Input: arr[] = {2, 3, 6}
Output: 2
Naive Approach: The simple approach to solve the given problem is to generate all possible pairs from the array and count those pairs that satisfy the given conditions. After checking for all the pairs, print the total count obtained.
C++
#include <bits/stdc++.h>
using namespace std;
int getPairsCount(int arr[], int n)
{
int count=0;
for(int i=0;i<n;i++){
for(int j=i+1;j<n;j++){
if(abs(arr[i]-arr[j])>=min(arr[i],arr[j]))
count++;
}
}
return count;
}
int main()
{
int arr[] = { 1, 2, 2, 3 };
int N = sizeof(arr) / sizeof(arr[0]);
cout << getPairsCount(arr, N);
return 0;
}
|
Java
import java.util.Arrays;
class Main
{
static int getPairsCount(int arr[], int n) {
int count = 0;
for (int i = 0; i < n; i++) {
for (int j = i + 1; j < n; j++) {
if (Math.abs(arr[i] - arr[j]) >= Math.min(arr[i], arr[j]))
count++;
}
}
return count;
}
public static void main(String[] args) {
int arr[] = { 1, 2, 2, 3 };
int N = arr.length;
System.out.println(getPairsCount(arr, N));
}
}
|
Python3
def getPairsCount(arr, n):
count = 0
for i in range(n):
for j in range(i + 1, n):
if abs(arr[i] - arr[j]) >= min(arr[i], arr[j]):
count += 1
return count
arr = [1, 2, 2, 3]
N = len(arr)
print(getPairsCount(arr, N))
|
C#
using System;
class MainClass
{
static int GetPairsCount(int[] arr, int n)
{
int count = 0;
for (int i = 0; i < n; i++)
{
for (int j = i + 1; j < n; j++)
{
if (Math.Abs(arr[i] - arr[j]) >= Math.Min(arr[i], arr[j]))
{
count++;
}
}
}
return count;
}
public static void Main(string[] args)
{
int[] arr = { 1, 2, 2, 3 };
int N = arr.Length;
Console.WriteLine(GetPairsCount(arr, N));
}
}
|
Javascript
function getPairsCount(arr, n) {
let count = 0;
for (let i = 0; i < n; i++) {
for (let j = i + 1; j < n; j++) {
if (Math.abs(arr[i] - arr[j]) >= Math.min(arr[i], arr[j])) {
count++;
}
}
}
return count;
}
const arr = [1, 2, 2, 3];
const N = arr.length;
console.log(getPairsCount(arr, N));
|
Time Complexity: O(N2)
Auxiliary Space: O(1)
Efficient Approach: The above approach can also be optimized by sorting the given array and then iterate two nested loops such that the first loop, iterate till N and the second loop, iterate from arr[i] – (i%arr[i]) with the increment of j as j += arr[i] till N and count those pairs that satisfy the given conditions. Follow the steps below to solve the problem:
- Initialize the variable, say count as 0 that stores the resultant count of pairs.

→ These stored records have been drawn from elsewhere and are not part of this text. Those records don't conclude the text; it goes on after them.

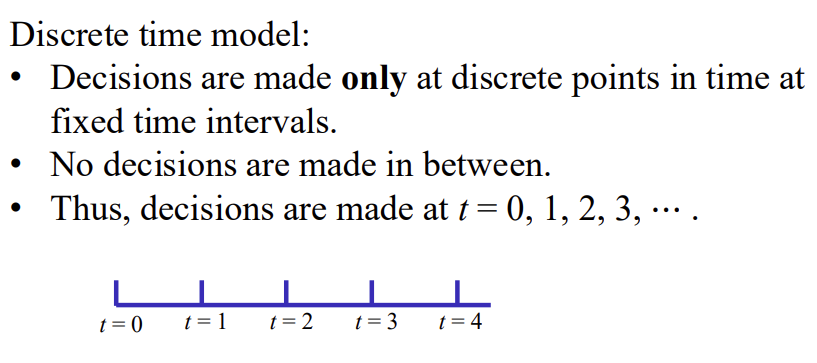 <p>• Discrete time: t often starts at 0 or 1, but also could be an empirical date like 1990. </p><p>• In growth models, a time period is typically a year, but could be longer. </p><p>• In business cycle models, a time period is typically a quarter, but could be shorter.</p>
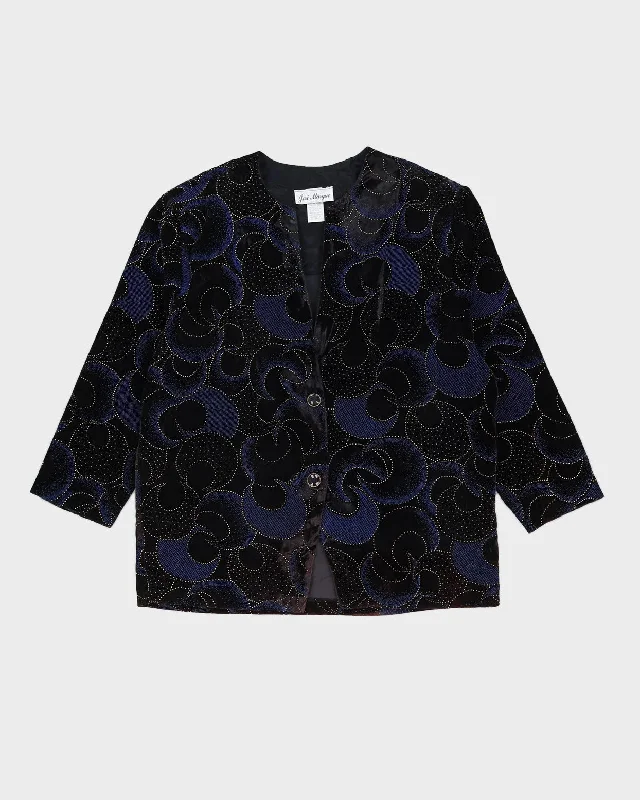 Blue And Black Patterned Velvet Jacket - L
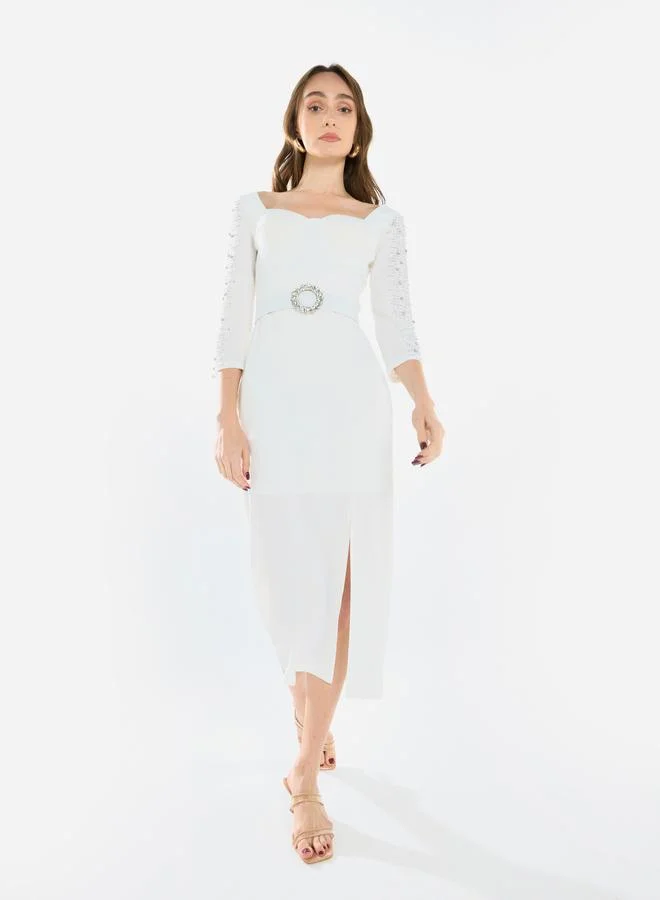 هاوس اوف مودا فستان ميدي بأكمام مزينة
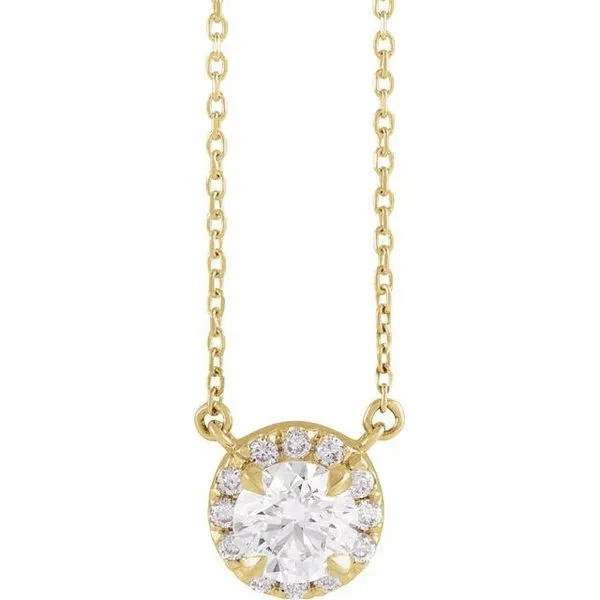 French-Set Halo-Style Necklace Rasmussen Jewelers Spanish Fork, UT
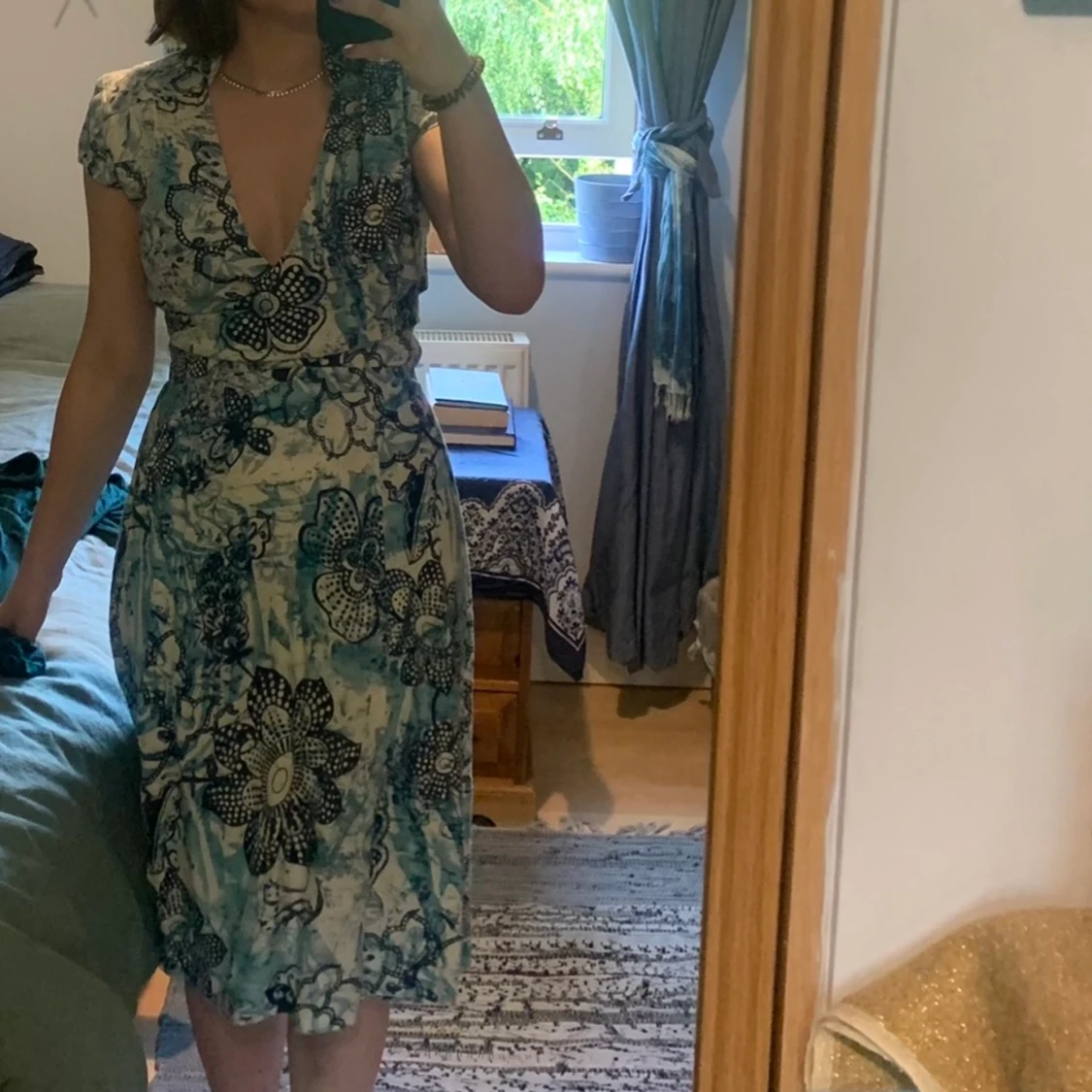 Floral Blue Designer Wrap Dress Size Small - 90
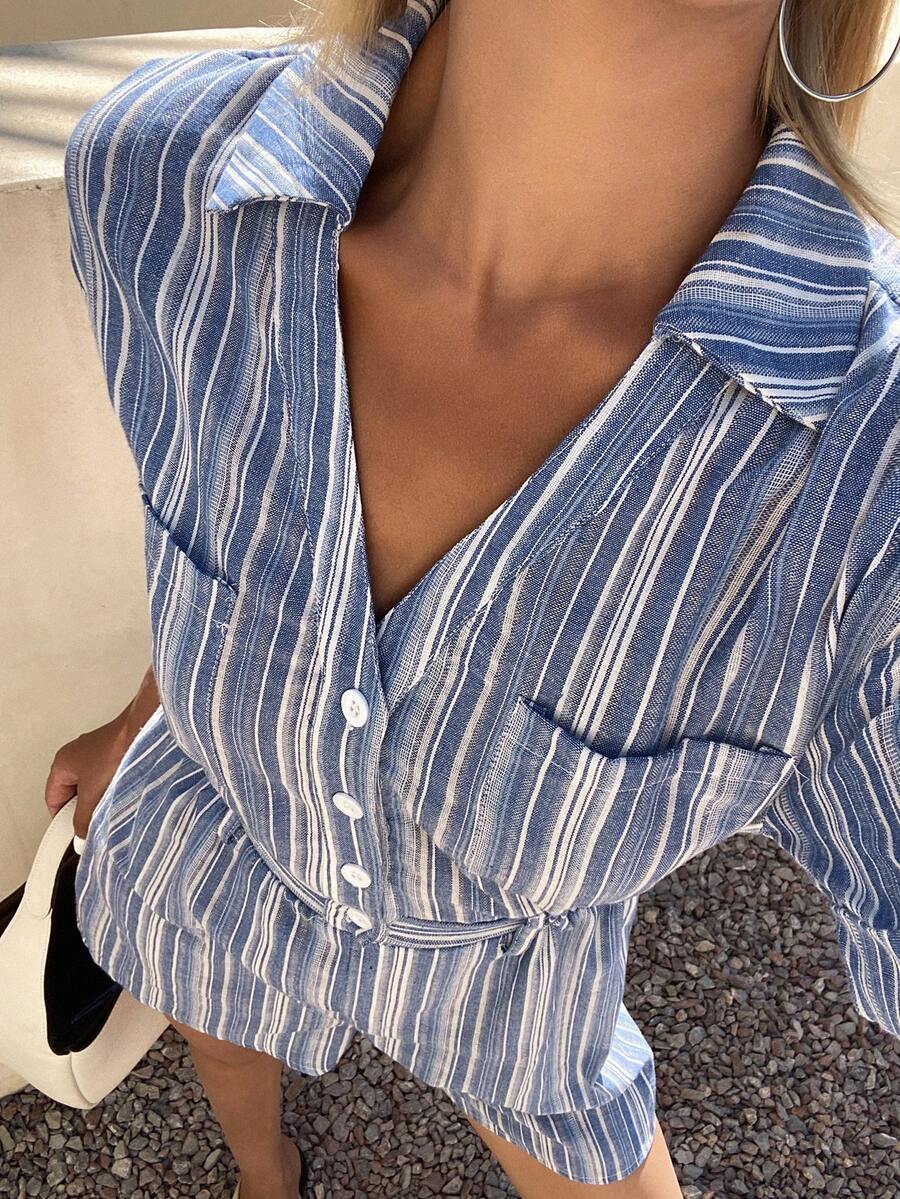 DAZY Women's Casual Striped Pocket Straight Leg Jumpsuit, Spring/Summer - Medium Wash - View 1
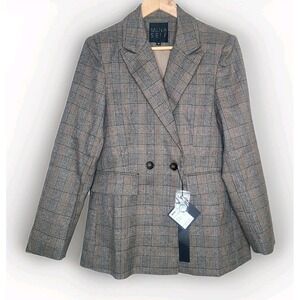 Mina Self Womens Brown Plaid Double Breasted Blazer Size L Office Workwear‎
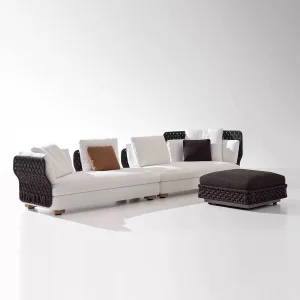 Hot Sale Patio Outdoor Rattan Deck Sofa High-End Villa Hotel Rope U-L Shape Sectional Sofa Set for Garden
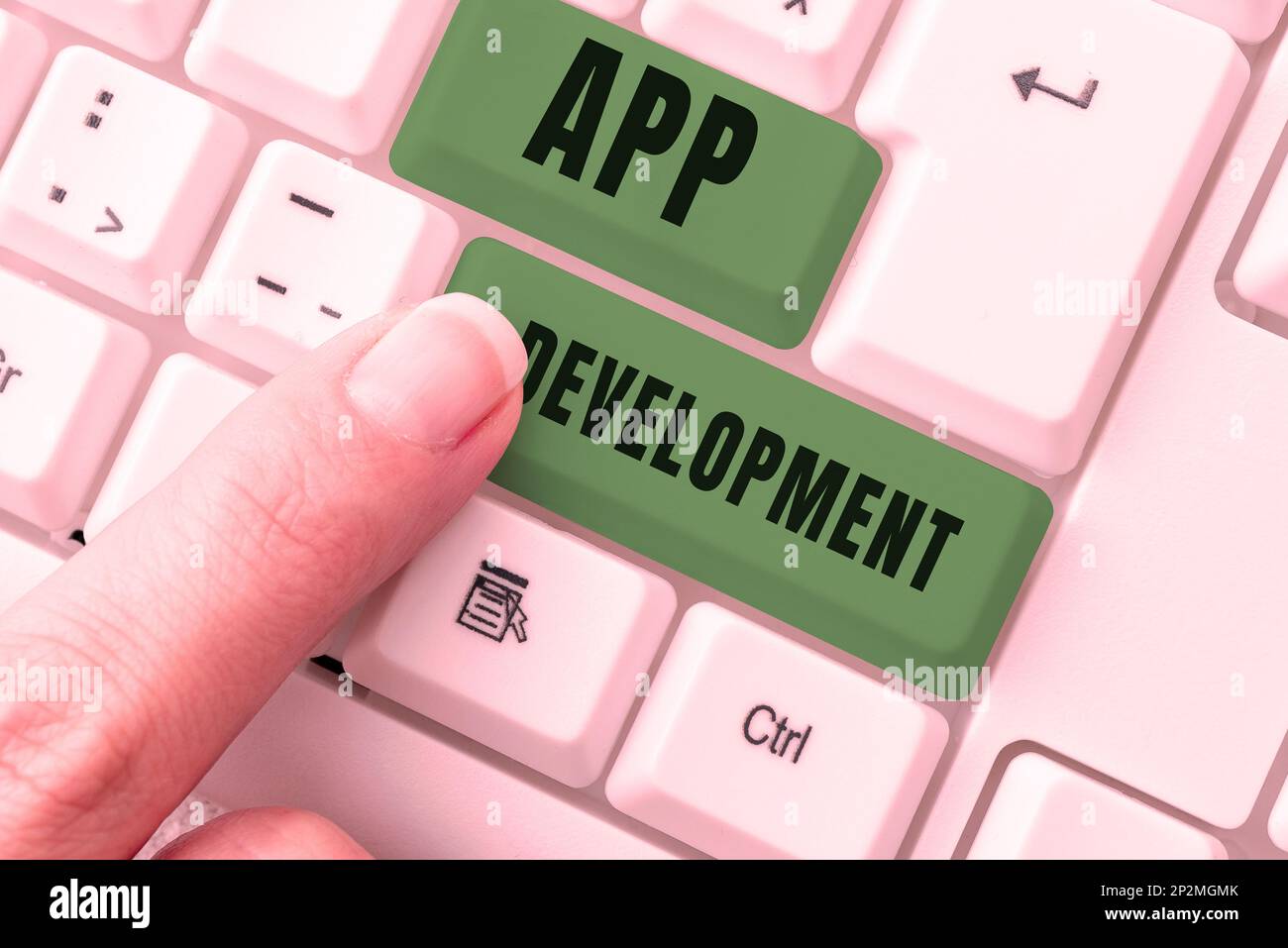 Text showing inspiration App Development. Internet Concept Development services for awesome mobile and web experiences Stock Photo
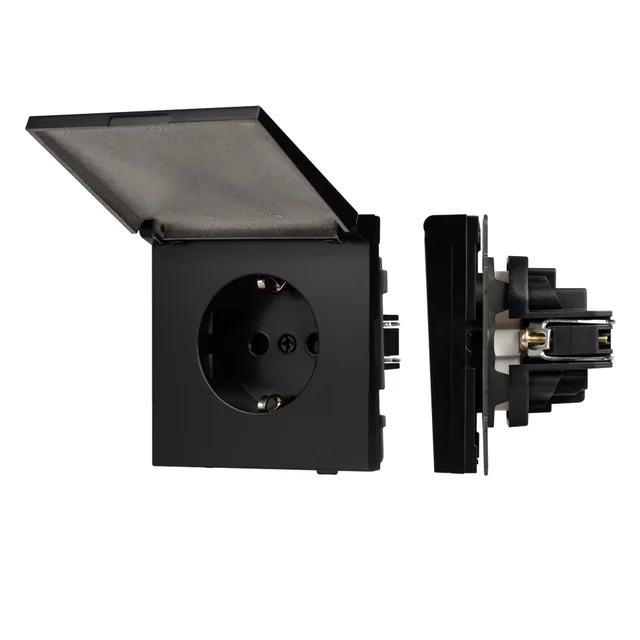 Механизм розетки влагозащищённый SCT-TENDO-MCP-PL-BK (230V, 16A) (Arlight, Черный), артикул 054091
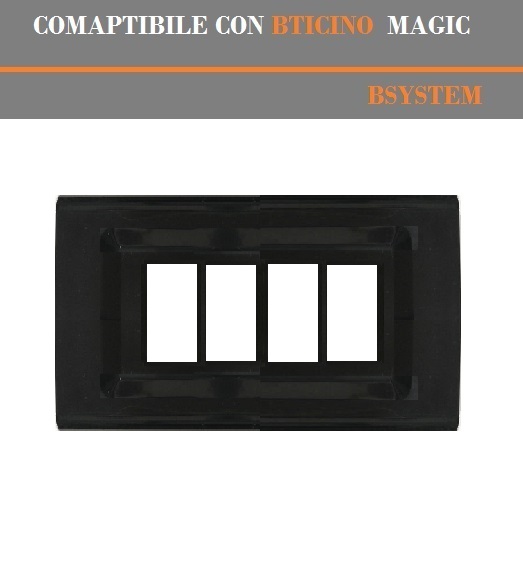 PLACCA E SUPPORTO IN PVC COMPATIBILI SERIE MAGIC BIANCO NERO AVORIO ANTRACITE - Foto 31 di 49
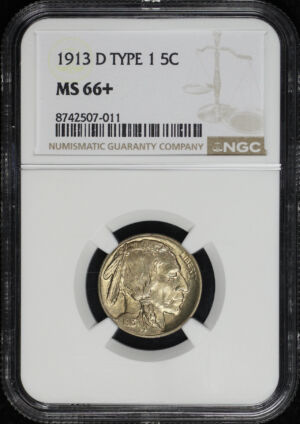 Obverse of this 1913-D Buffalo Nickel Type 1 NGC MS-66+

- Iterate over the range [0, N] using the variable i and perform the following steps:
- Iterate over the range [arr[i] – (i%arr[i]), N] using the variable j with the increment of j as j += arr[i] and if i is less than j and abs(arr[i] – arr[j]) is at least the minimum of arr[i] and arr[j] then increment the count by 1.
- After performing the above steps, print the value of count as the result.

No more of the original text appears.